While Dale was negotiating with the Birchems, a bank holding a non-staffed Residential Care Apartment Complex (RCAC) in Washburn heard of his success with the Birch Haven independent living facility in Ashland and offered a similar purchase opportunity. It was time for Dale to build his acumen as a business owner.

Planning in 2015 led to success, growth

 In 2015 Dale contacted the Small Business Development Center at UW-Superior, where consultants Dave Kochendorfer and Andy Donahue performed a full-scale analysis of the Birch Haven Senior Living operation. “We looked at where his priorities were, how he would be able to manage his cash flow, planning for how he can build his capacity for the near future,” Andy recalled.

“I’d done budgets before, but not like these,” Dale said. “Bankers would perk up when I walked in prepared with pro formas from the SBDC.” Dale was able to procure a federal loan for Birch Haven Senior Living in Ashland.

Dave and Andy’s advice readied Dale to evaluate the new opportunities coming his way, and prepared him to apply for loans to finance those that he chose to pursue.

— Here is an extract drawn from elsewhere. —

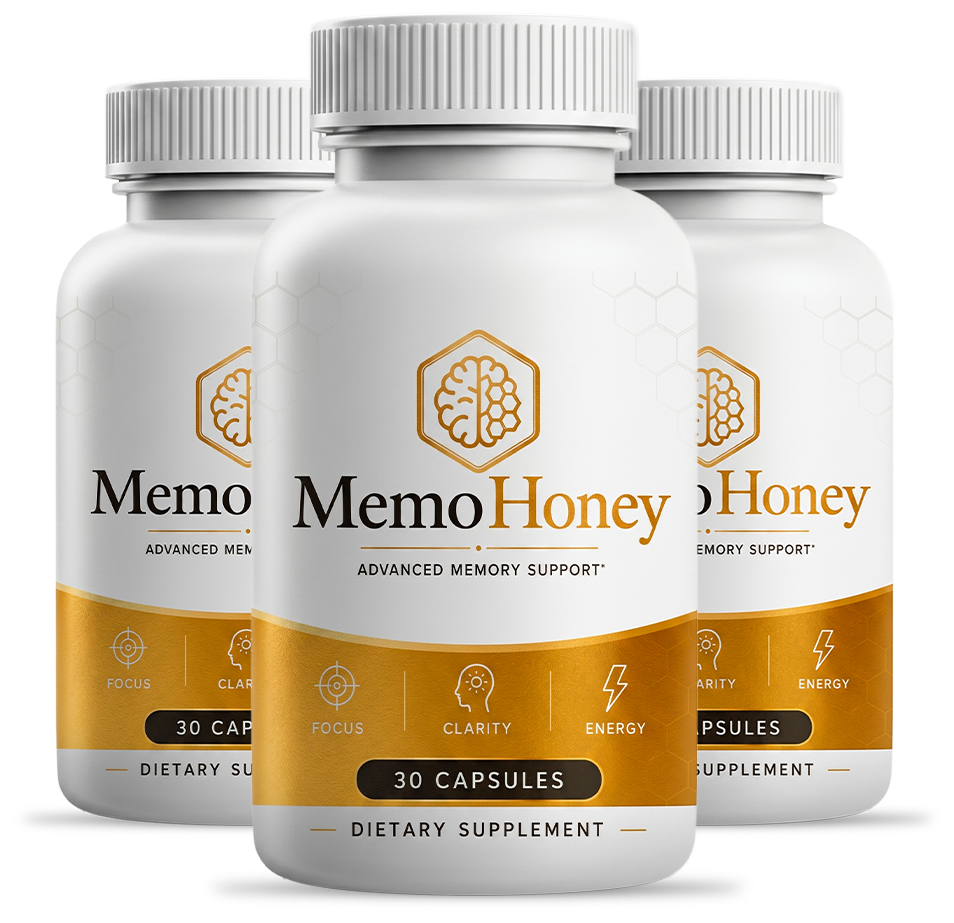 MemoHoney Advanced Memory Support three bottle package — 30 capsules per bottle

Meanwhile, a chance to own an assisted living facility in Minocqua emerged for Dale, in which he invested with two silent partners. By 2015 Dale had become an owner-partner in three senior living businesses and formed a parent company, Kelm Enterprises, Inc., with assistance from the SBDC.

Andy remarked, “Dale has successfully been able to understand his current business—the operations, financial management, marketing, the senior housing sector itself—and he knows where demand is growing in Northern Wisconsin.”

I’m a macro thinker—they helped me with the micro.
Dale Kelm
Birch Haven Senior Living
  • Business planning, including financial projections
  • Sounding board
  • Referrals and preparation for meetings with lenders
With SBDC’s help, turning opportunity into performance

Andy and Dale continue to meet frequently to review Birch Haven’s financial performance and plans for the future. Andy said, “He’s a long-term thinker. We help him see what he needs to do in the short term to prepare.” Dale feels that each senior housing project he’s taken on has benefited from the counseling he received from the SBDC at UW-Superior. “Any project I get, I call the SBDC for advice,” said Dale. “I’m a macro thinker—they help me with the micro.”

Dale’s future plans include non-staffed senior housing, a living arrangement that appeals to many of the older rural population of northern and central Wisconsin. “When you’re still living on the farm, and the laundry is in the basement and the bedrooms are upstairs, your world can narrow down to the kitchen and the living room,” Dale observed. He’s hard at work creating more options for people to live independently but safely.